Pregnant Women Are Getting Less Stoned, More Binge Drinking, and Worse Than Ever

A new study out this week finds that pregnant women are drinking less and getting heavier in the hours before, during, and after they give birth.

“It’s a huge concern that women who are pregnant or who have had an episiotomy or caesarean will be drinking at these high levels,” says Dr. Michelle Pimentel, the senior author of the study, which was published in the journal BMJ Open.

“But the thing is, the effect is more pronounced in the first few weeks.”

The study is the first to examine the effects of pregnancy on alcohol consumption during the first week of life.

Pimentels team looked at data from the National Survey on Drug Use and Health, which measures a person’s daily alcohol consumption from the time they are born until the end of their first month of life, which is when they begin drinking and then stop drinking.

The researchers looked at the drinking patterns of 8,749 women who had delivered in hospitals between October 2015 and March 2016.

The team used the latest data available on the number of times each person drank in a 24-hour period.

The data showed that the most common type of alcohol consumed during pregnancy was a drink of wine, beer, or other alcoholic beverages.

For women who were younger than 35 years old, the most popular type of beer was beer, followed by wine, and then vodka.

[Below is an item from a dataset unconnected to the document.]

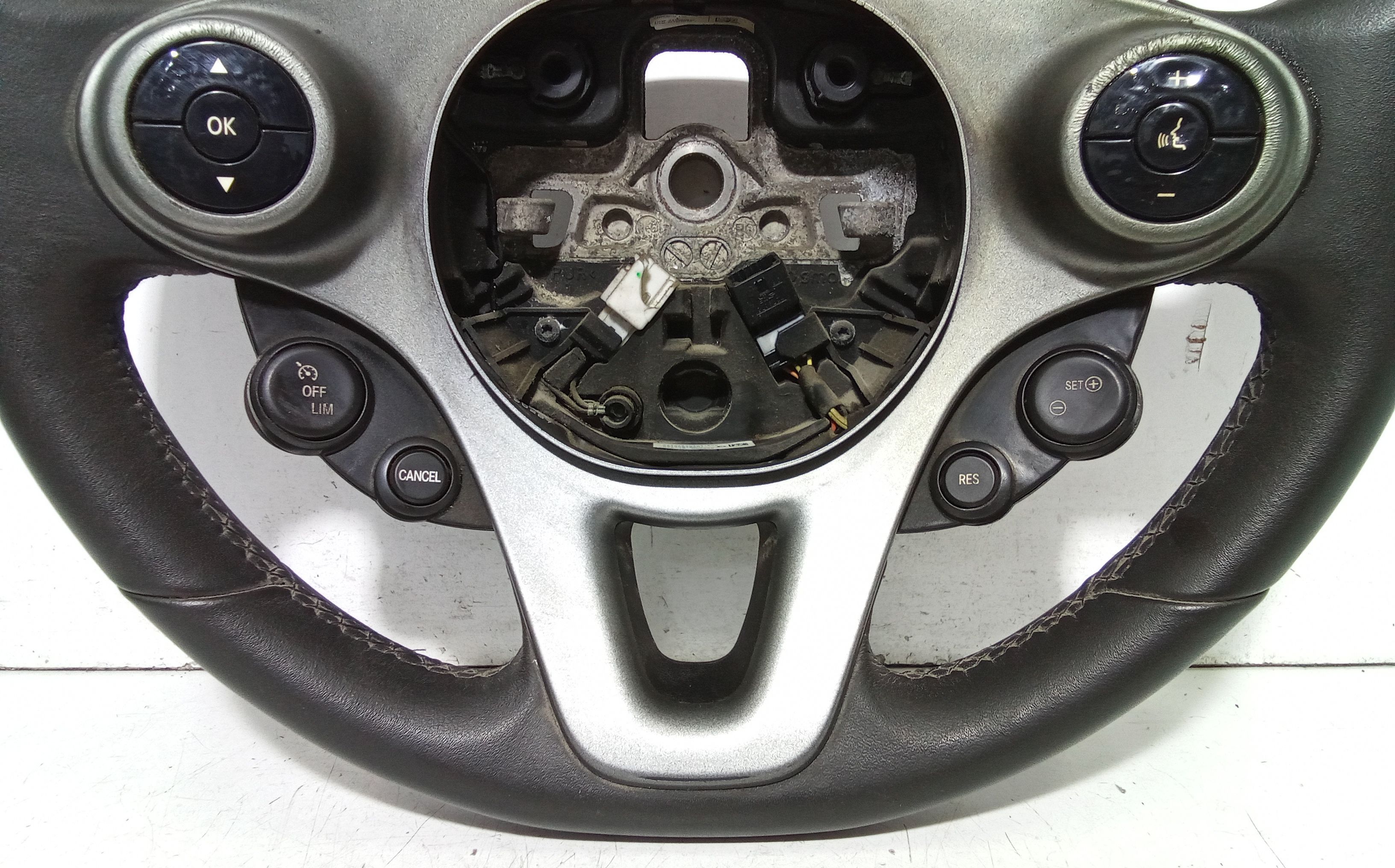 Volante SMART Forfour 453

“We’re seeing that more and more women are getting pregnant or getting a cesareen and then starting to drink, so it’s a real concern for the women,” says Pimentela.

“And that’s when you get into the binge drinking and things that can be harmful.”

The researchers did not have data on the alcohol consumed by the women who did not get pregnant or were pregnant.

Piments team found that women in their late-pregnancy years drank more during the last weeks of pregnancy, while they had more problems with their drinking later in pregnancy.

The drinking patterns for women who gave birth in hospitals during that time were similar to the drinking pattern for pregnant women.

They were more likely to drink during their first two weeks of labor, when they were more than three times as likely to be pregnant.

Drinking in the last hours of labor was more common in women who delivered before age 37, the group at highest risk for cesaresis.

But for women whose babies were born between 37 and 37 weeks, the drinking did not differ significantly between the groups.

The study also found that binge drinking was most common during the second week of pregnancy and was associated with increased risk for having preterm birth, preterm delivery, or low birth weight.

The research also found an association between binge drinking in the second trimester and preterm births, low birth weights, and low birthweight in later pregnancies.

The association was most pronounced for the youngest and most fragile babies.

The women who drank the most during the third trimester had the most risk for low birthweights and the highest risk of preterm deliveries.

The findings may have implications for the treatment of pregnant women who drink more during pregnancy.

Pregaels team also found a positive association between the number and frequency of binge drinking during pregnancy and the number, type, and intensity of cesarian deliveries, which include caesarian sections.

But the effects on the babies are not yet known.

The new study is one of the first of its kind to look at the effects that pregnancy has on a pregnant woman’s alcohol consumption.

But it is only one study, and the researchers caution that the results should be interpreted with caution.

“If you’re a pregnant person and you’re drinking, you’re not going to get drunk as much,” says Elizabeth Mancuso, a pediatrician at the University of Texas Southwestern Medical Center.

Mancuscuso says it is important to talk to your health care provider about the risks associated with binge drinking.

“The important thing is to be mindful and to drink responsibly,” she says.

“Pregaesis is very different than having an episotomy or a caesaresan, so I would encourage women who have these things to get tested and talk to their health care providers about it.

They’re not just going to think it’s something that happens during pregnancy.”